2.5. Vegetation Indices

To verify the effectiveness of the vegetation indices in the separation of vines from weeds in the study area, the same set of five vegetation indices used in another study by Macedo et al. [40] was chosen (

Table 2. The vegetation indices were also assessed.

Index	Formula	Reference	Equation Number
Green Leaf Index	$GLI={\displaystyle \frac{(2xGreen-Red-Blue}{(2xGreen+Red+Blue)}}$	[42]	(1)
Green Normalized Vegetation Index	$GNDVI={\displaystyle \frac{(Nir-Green)}{(Nir+Green)}}$	[43]	(2)
Normalized Difference Red Edge	$NDRE={\displaystyle \frac{(Nir-Re)}{(Nir+Re)}}$	[44]	(3)
Normalized Difference Vegetation Index	$NDVI={\displaystyle \frac{(Nir-Red)}{(Nir+Red)}}$	[45]	(4)
Normalized Green Red Difference Index	$NGRDI={\displaystyle \frac{(Green-Red)}{(Green+Red)}}$	[46]	(5)

Note: Blue, blue reflectance; Green, green reflectance; Red, red reflectance; Re, red reflectance; Nir, near-infrared reflectance.

). All vegetation indices were obtained using Agisoft Metashape Professional 2.1.1 [39] and processed using the ArcGis Pro 3.3.2 software [41].

2.6. Classical Classifiers

To compare the performance of the vegetation index-based classifiers evaluated in this study, three classical algorithms that are widely used in image classification were employed: Support Vector Machines (SVMs), a Random Tree (RT), and K-Nearest Neighbors (KNNs).

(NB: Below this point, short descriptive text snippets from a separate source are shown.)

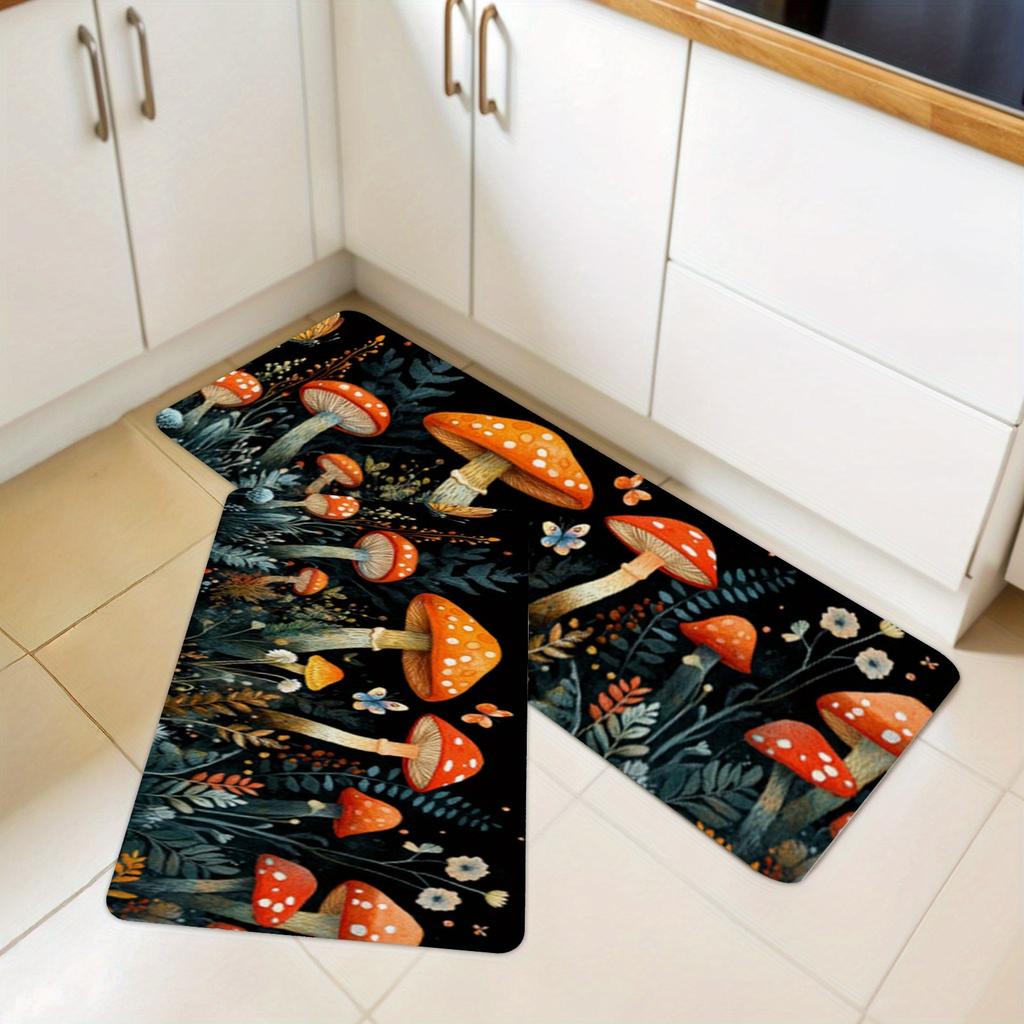 1PC Mushroom Forest Pattern Kitchen Rug Non-Slip Door Mats Pop Design Bathroom Rug Bath Mat Carpet for Home Sink Laundry Decor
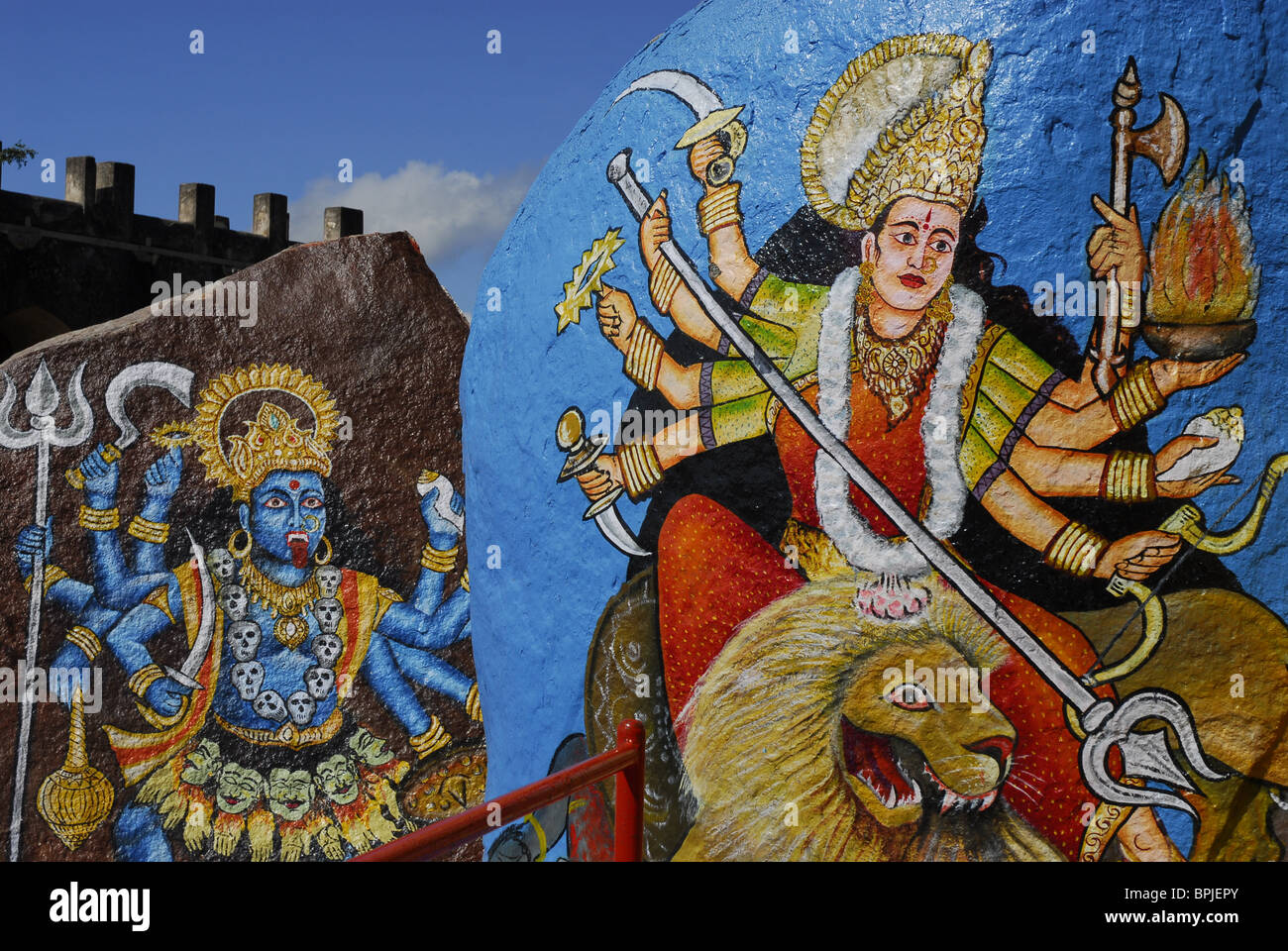 Kali and Shiva painted on rock boulders, Golconda Fort, Hyderabad, Andhra Pradesh, India, Asia Stock Photo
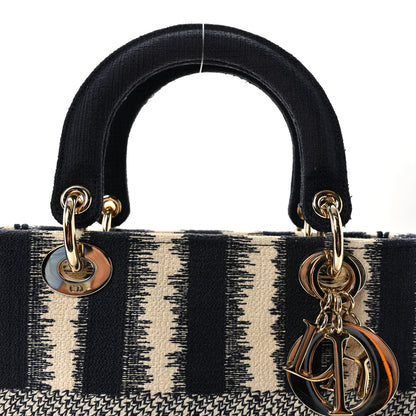 Christian Dior Canvas Medium D-Stripes Lady D-Lite Blue 7 of 9
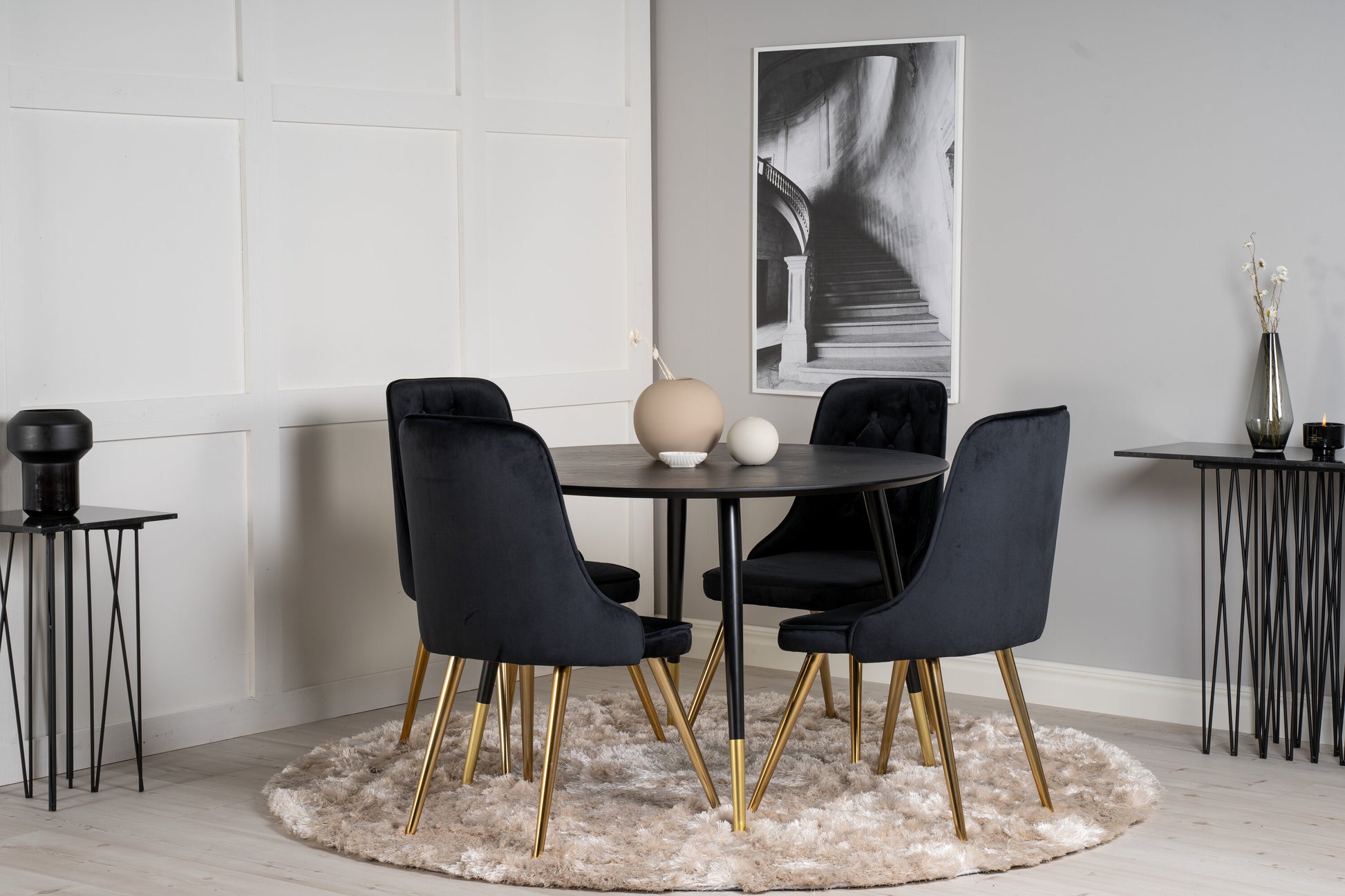 Dipp Matbord med Velvet Deluxe Stolarna Matgrupp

The SVM classifier operates by changing data that cannot be easily separated into a higher-dimensional space. This makes it possible to find the best dividing line, which is called the hyperplane. An SVM is a linear classifier that uses a kernel function to help create this dividing line. Regularization is used to balance making the margin as large as possible and keeping the errors low, which makes the classification efficient [47]. This method is effective in dealing with problems such as high-dimensional and nonlinear data, which are common in remote sensing images. These images have features, such as shape, texture, and color. The kernel trick helps the SVM handle nonlinear data by mapping them into a higher-dimensional space, allowing for linear separation. This is important in remote sensing image classification, where land cover boundaries are often not straight lines [48].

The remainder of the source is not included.